Anna Zorina Gallery is pleased to announce the Alexander Kaletski solo exhibition, Ricochet, presented in collaboration with De Jalon Fine Arts. The show features a series of recently discovered oil paintings from the 1980’s. These never-before-exhibited works offer a rare glimpse into the artist’s creative journey at the formative moment in Kaletski’s life as he started gaining traction in the United States while never forgetting his roots and primary inspiration stoked by the Russian avant-garde.
These featured paintings are part of an intact body of works discovered in the home of an early patron of Kaletski. The paintings once graced the walls of her New York City apartment however through the decades the works ricocheted with every life shift and home move. In time, the artist lost track of this entire series. Unveiling this rare grouping of oil paintings offers a view into an exhilarating era for artist while also celebrating how active, vibrant life always makes a grand resurgence.
The artist created this body of work between the years of 1986 and 1989, in a style marked by fractured planes, intersecting perspectives and representations of movement. The paintings portray a dynamism and speed of urban living that manifests the artist’s own appreciation for his new found home of New York City. Here, nothing stopped him from expressing himself and sharing his own truth freely after years of discretely showing his artwork in the Moscow underground art scene. Naturally, the artist turned to methods of Russian Futurism, a movement that fused western influence with Russian culture to form an unconventional visual language, one fundamentally at odds with the Socialist Realist style enforced during Kaletski’s youth. Delving into abstracted imagery allowed Kaletski to explore the potent sensations and emotions that steeped his life in the late eighties.

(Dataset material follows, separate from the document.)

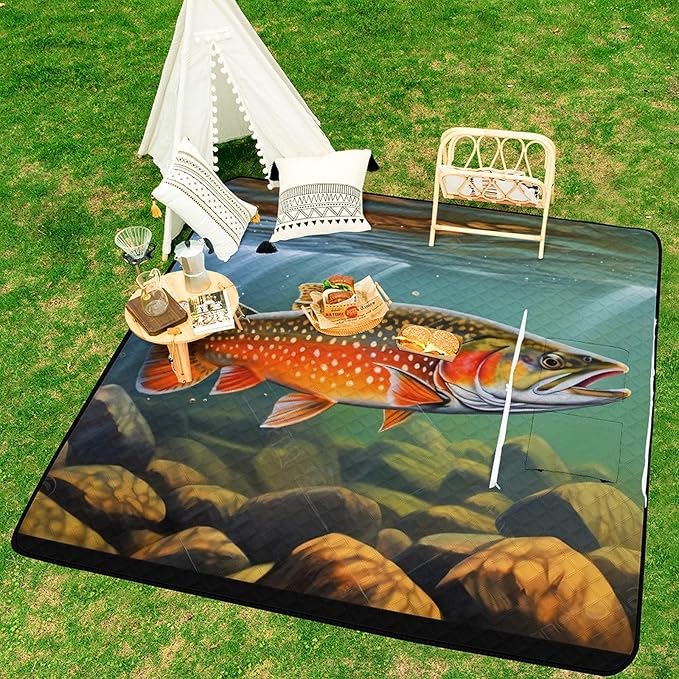 Brook Trout Fly Fishing_79629943 Print Zipper Style Picnic Mat Waterproof &amp Heat-Insulating Foldable Into A Shopping Bag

These paintings are at once assertive and ambiguous. In 1989, Kaletski is quoted as describing these works, “Through the angular structure around the person I’m trying to capture the hidden subconscious world of the character. It’s a figurative painting, an almost realistic portrait, with surrealistic and abstract elements.” In the titular painting, Ricochet, the subject is distilled down to geometric planes to steer attention towards the expressiveness and agency of the figure’s hand gestures. The artist directs the viewer around the canvas asserting control over familiar packaging iconography, using the “this side up” arrows to refer back to his cardboard painting series. Unique to the works on linen, Kaletski builds up a textural surface sculpted with thick rhythmic brushstrokes to create movement as well as a depth that casts shadows on the moodiness of the muted tones. The artist’s enigmatic imagery allows for the viewer to complete the story and find their own answers.
Ricochet is presented in loving memory of the warm spirit and steadfast supportive legacy of dear friend, Basha Szymanska.
ALEXANDER KALETSKI (b. 1946, Russia), immigrated to the United States in 1975. He lives and works in New York City. The artist has exhibited widely in shows internationally including New York, Mexico, China, Japan, Austria, Belarus and France. His works are included in the permanent collections of the Voorlinden Museum in the Netherlands, the Claryville Art Center in New York, the Museum of Contemporary Art in Belarus, the Meeschaert Collection in France and the Lynda and Stewart Resnick Collection in California.